The Campeonato Argentino Abierto de Polo is the Super Bowl of polo. Thirty thousand people pack into the Campo Argentino de Polo in Buenos Aires while the rest of the polo world watches from wherever they can find a screen. Known universally as the Palermo Open, this is the third and final leg of the Argentine Triple Crown, and winning it is the single greatest achievement the sport offers. No other polo tournament on earth approaches its intensity, its history, or its atmosphere. The 2026 edition, the 133rd, begins October 31 and builds toward an estimated final on December 6.
The Argentine Open operates at the 40-goal handicap with 8-chukker matches, a standard that exists nowhere else. Eight chukkers instead of six means longer matches, deeper horse strings, and a gruelling test of stamina and depth that separates the great teams from the merely good. The pressure of playing at 40 goals is immense: every player on the field is rated 9 or 10, the best in the world, and the margin for error is essentially zero.
The 2026 field reads like a who’s who of the sport. La Natividad La Dolfina enters at a perfect 40 goals: Adolfo Cambiaso, the greatest player in history at 50 years old, playing alongside his 22-year-old son Poroto Cambiaso and the Castagnola brothers, Camilo and Barto. A father and son, two brothers, four 10-goalers, the maximum possible rating. Their main challengers include Ellerstina Indios Chapaleufu (36 goals) with the Pieres brothers, Facundo and Gonzalito, carrying decades of rivalry with La Dolfina. Las Monjitas (35 goals) bring Juan Martin Nero, holder of the all-time record with 12 Argentine Open titles, alongside David Stirling, the only non-Argentine 10-goaler in modern polo. La Irenita (34 goals), anchored by Pablo Mac Donough, and La Hache (34 goals), captained by Hilario Ulloa, round out a field that carries more combined major titles than any other annual sporting event.
The storyline that hangs over the 2026 Argentine Open is Cambiaso. At 50, playing with his son at the highest level of the sport, every final could be his last. The crowd at Palermo knows this. When he rides onto the field, 30,000 people understand they may be watching the end of an era that has lasted more than three decades. The Cambiaso-Nero rivalry, which defined a generation of Argentine Opens through their years together at La Dolfina, now plays out on opposite sides. Nero, with his record 12 titles, facing the man he won most of them alongside.

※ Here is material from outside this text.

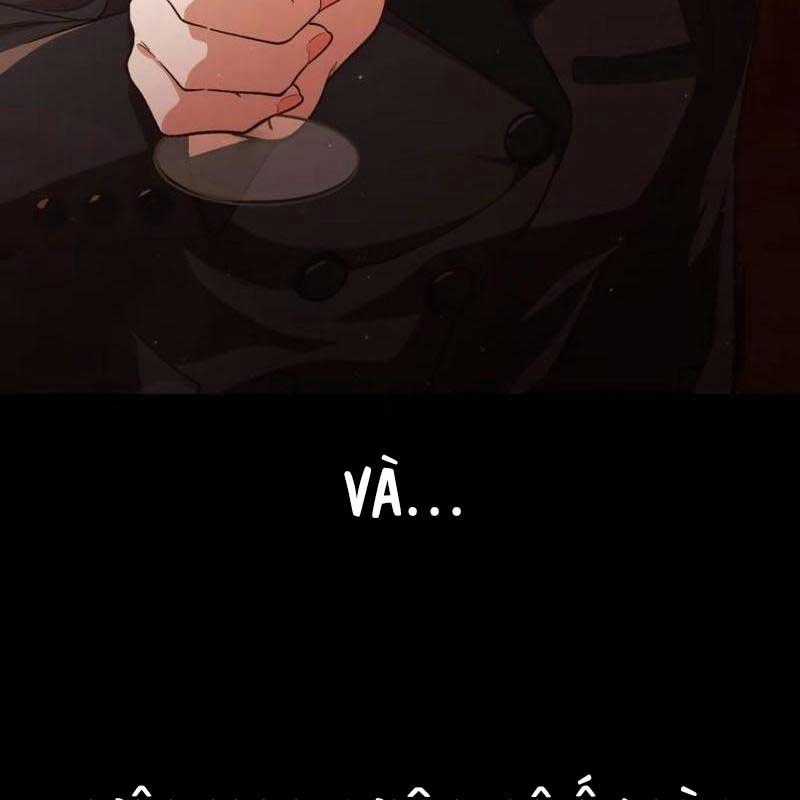 Thiên Tài Bình Dị - Chapter 8 - Trang 20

For fans watching from outside Buenos Aires, the timezone is straightforward. Buenos Aires runs at UTC-3 year-round with no daylight saving. The estimated final on December 6 at 16:30 local time translates to 19:30 in London, 20:30 in Central Europe, and 14:30 in New York, all comfortable viewing slots. For fans in Tokyo, the 04:30 start the following morning means setting an alarm or catching highlights. For Australian viewers in Sydney, the 06:30 AEDT start is early but manageable. Check whatisthetime.now/buenos-aires for current local time in Argentina.
The atmosphere on final day at Palermo is unlike anything else in polo. Buenos Aires in early December is deep spring, warm and bright, and the city turns its attention to the Cathedral. The stands fill hours before the first throw-in. The noise builds through the match. When the final bell sounds, the winning team does a victory lap on horseback while the crowd roars. It is the greatest single day in polo’s calendar, played at a venue that earned its nickname for a reason.
Exact semi-final and final dates are typically confirmed mid-season. Following the Hurlingham Open in September-October and the Tortugas Open in October, the Argentine Open is where the season, and possibly the Triple Crown, is decided.